Prime Minister, Bruce Golding, has reiterated that the acquisition by the Urban Development Corporation (UDC) of the property at Ferry, St. Catherine, which houses the Hydel Group of Schools, was consistent with the UDC’s development plan for the Caymanas land.
“This plan provides for the mixed-use development of these lands including provision for residential, agricultural, light industrial, commercial, institutional, sport and recreational facilities. The residential component involves the construction of over 4,000 houses, 85 per cent of which will be for low to middle-income families. This will obviously require considerable social infrastructure including the provision of schools,” Mr Golding said during a statement in the House of Representatives yesterday (Nov. 11).
The acquisition, he said, has also prevented the demise of a well-run school, which is providing education for more than 1,200 children in an area desperately short of school places.

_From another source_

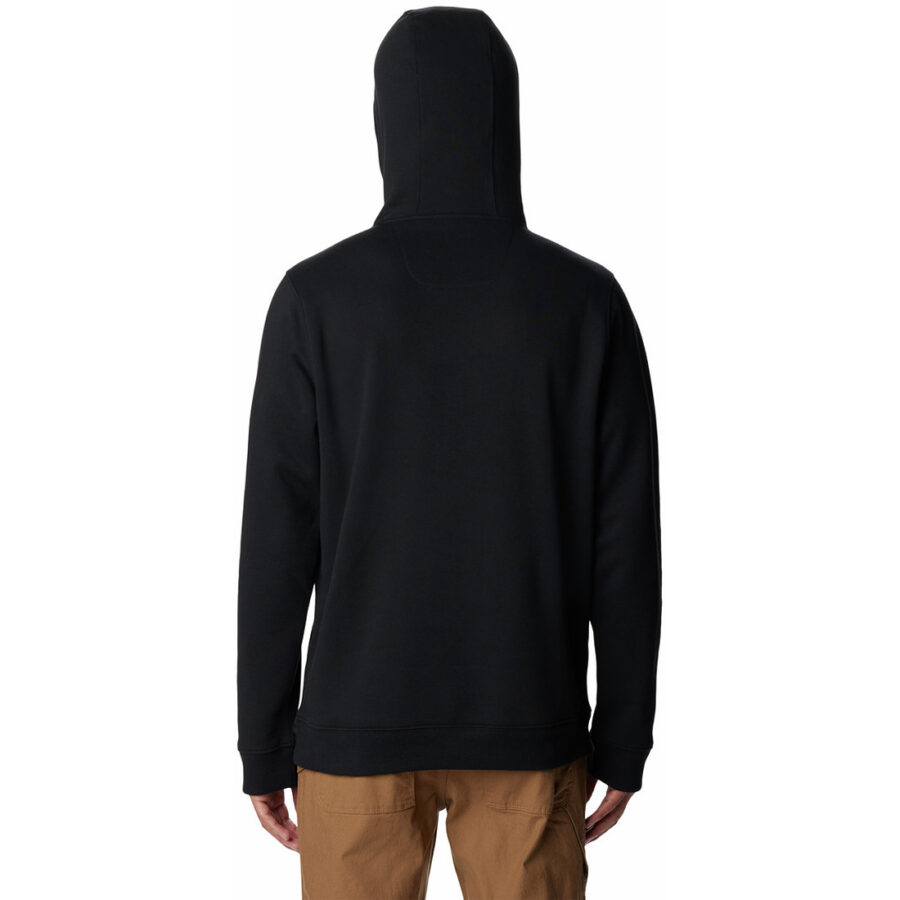 CSC BASIC LOGO II HOOD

He pointed out that the plains of St. Catherine and Clarendon, with its rapidly growing population, suffer from the most acute shortage of school places.

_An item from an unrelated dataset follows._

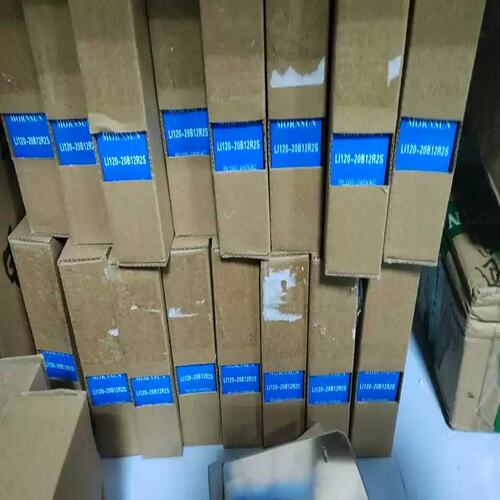 开关电源MORNSUN金升阳LIF120-20B12R2S，适用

The Opposition has questioned the Government’s decisions to acquire the Ferry property, which was purchased at cost of $168.7 million.
The Prime Minister said that the Hydel Group of Schools faced imminent closure as the owners of the land had put the property up for sale but had the operator of the school “been in a position to purchase the land there would have been no need or opportunity for the Government to intervene since its continued operation would have been secured and it would ultimately be integrated into the development plan.”
Hydel, he said, was served notice to vacate the premises in 2007 and “to do so would have meant its inevitable closure, the land would most likely have been used for some other purpose and the Government would have been obliged to find school places for the 1,283 students enrolled at Hydel.”
Responding to arguments from the Opposition that the Government should have built a new school, the Prime Minister said it would cost $400 million to $500 million to accommodate the number of children who would have been displaced. “We have bought a property with equivalent accommodation for $168.7 million!” Mr Golding stated.
He invited Contractor General, Greg Christie, to investigate the purchase of the Ferry property.
“I welcome his investigations. He has a duty to monitor the integrity of the transaction. I have that duty too but, in addition, I have a duty to protect the interests of our children. As Prime Minister, I accept full responsibility for the decision by the Board of the UDC for which I have ministerial responsibility,” the Prime Minister stated.